The script utilizes regular expressions, requests library, and BeautifulSoup to scrape a webpage, extract phone numbers, and display corresponding names and addresses.

In [2]:
import re
import requests
from bs4 import BeautifulSoup

The function scrapes a webpage, extracts information such as names, contact numbers, and addresses from a telephone directory table, and prints each entry along with its corresponding details, including phone numbers, using regular expressions.

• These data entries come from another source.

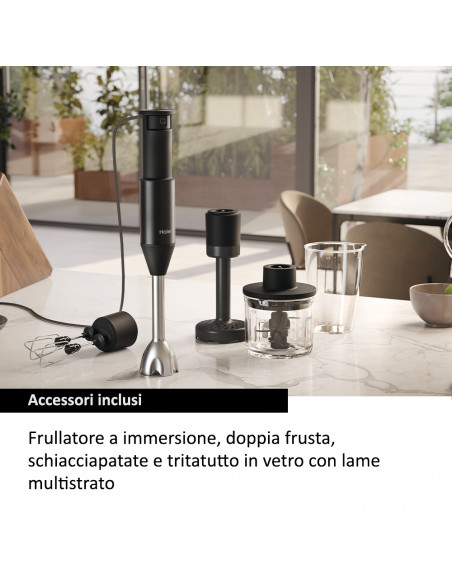 Haier Frullatore a immersione I-Master Serie 5 Nero, 3 lame in acciaio inox, becher 0,9 L, Accessoriato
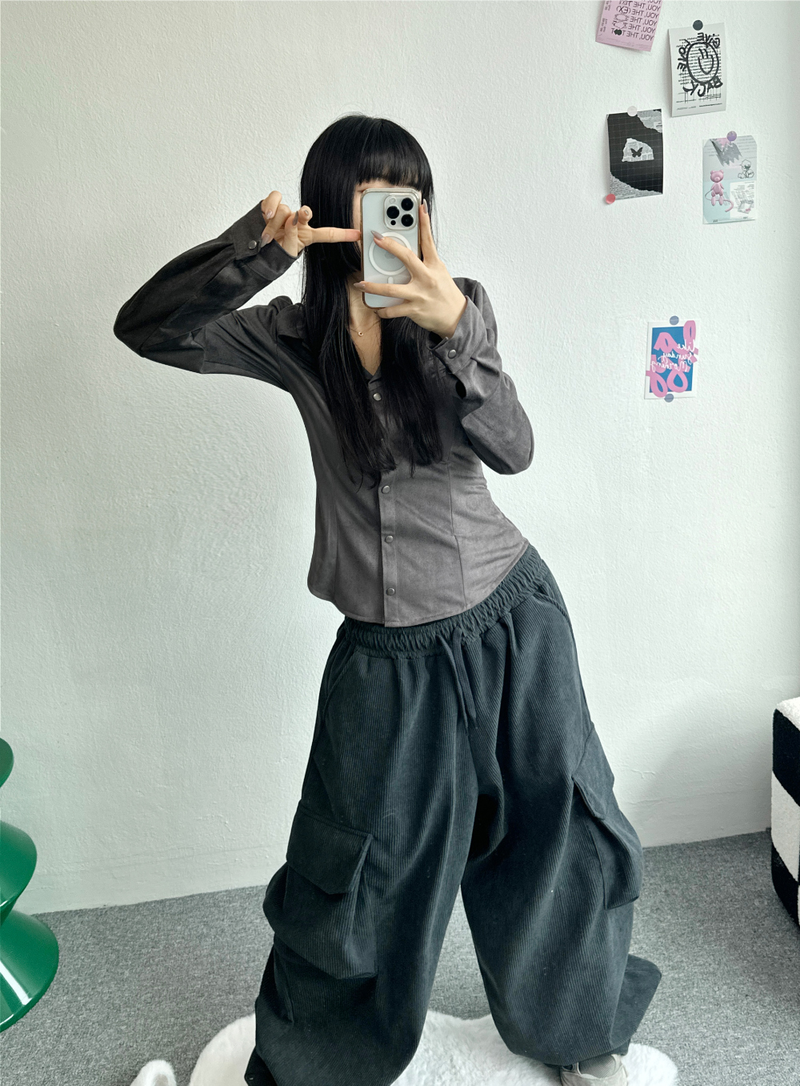 SUEDE SLIM LINE SHIRT BLOUSE🤎🖤🩶 - 3 COLORS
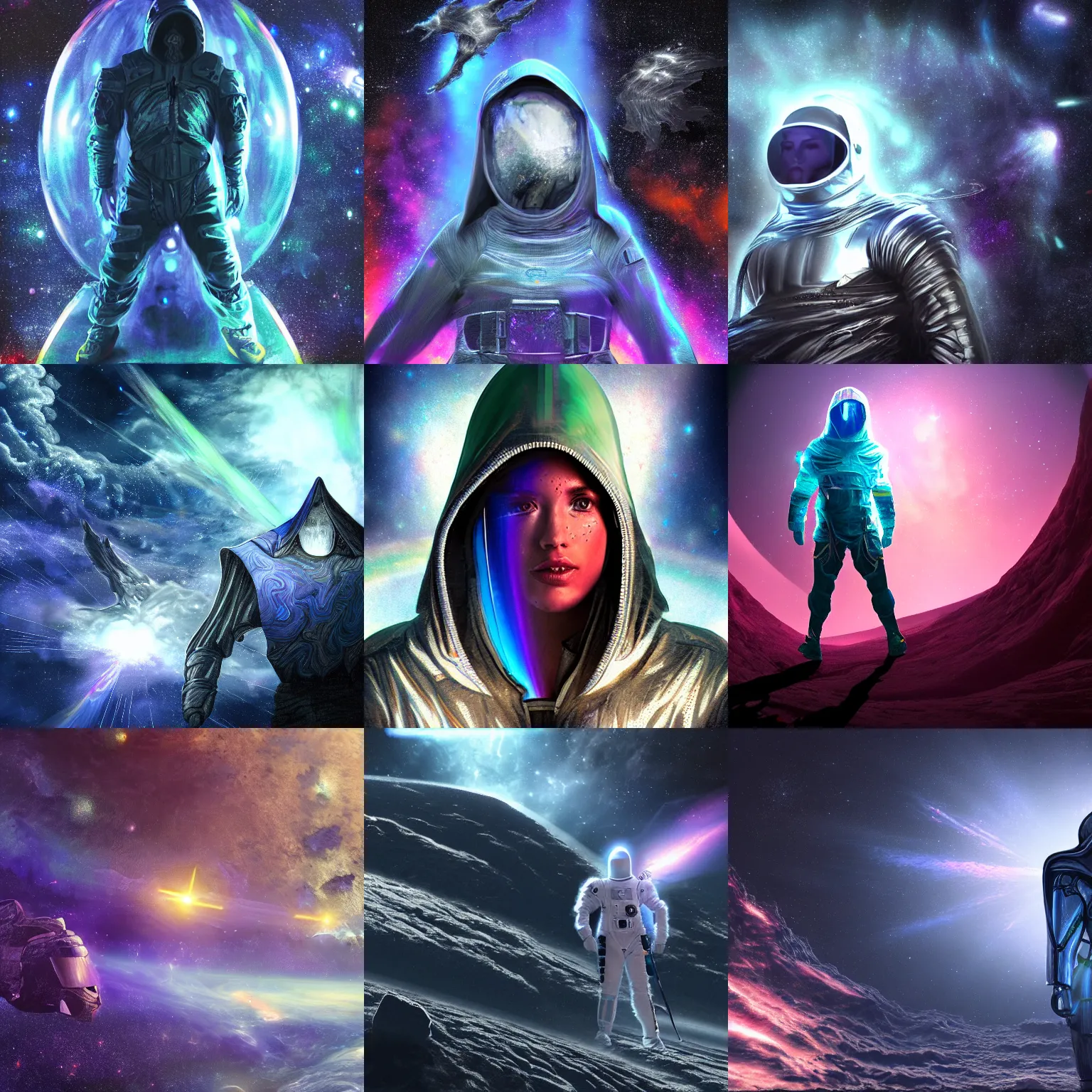 Prompt: Epic realistic hyper-detailed space scene featuring the warrior hooded entity of iridescent future technology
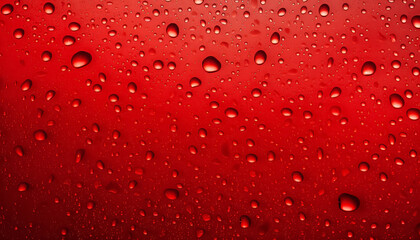 Sticker - A red background with many drops of water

The re module in Python provides support for working with regular expressions, allowing users to search for patterns within strings, perform substitutions, and more. In the provided script, re.compile() is used to create a regular expression pattern that matches phone numbers with various formats such as "123-456-7890", "123 456 7890", "123.456.7890", etc. This pattern is then applied to the contact number field to extract phone numbers from each entry in the telephone directory.

In [3]:
def scrape_telephone_directory(url):
    # Send a GET request to the URL
    response = requests.get(url)
    
    # Check if the request was successful (status code 200)
    if response.status_code == 200:
        # Parse the HTML content
        soup = BeautifulSoup(response.content, 'html.parser')
        
        # Find all <tr> tags within the table
        rows = soup.find_all('tr')
        
        # Define a regular expression pattern for phone numbers
        phone_number_pattern = re.compile(r'\b\d{3}[-.\s]?\d{3}[-.\s]?\d{4}\b')
        
        # Loop through each row and extract data
        for row in rows:
            # Find all <td> tags within the row
            columns = row.find_all('td')
            # Check if there are exactly three columns (name, contact number, address)
            if len(columns) == 3:
                # Extract name, contact number, and address
                name = columns[0].text.strip()
                contact_number = columns[1].text.strip()
                address = columns[2].text.strip()
                # Find all phone numbers in the contact number field
                phone_numbers = phone_number_pattern.findall(contact_number)
                # Print or save the extracted data
                for phone_number in phone_numbers:
                    print("Name:", name)
                    print("Contact Number:", phone_number)
                    print("Address:", address)
                    print("------------")
    else:
        print("Failed to retrieve the webpage.")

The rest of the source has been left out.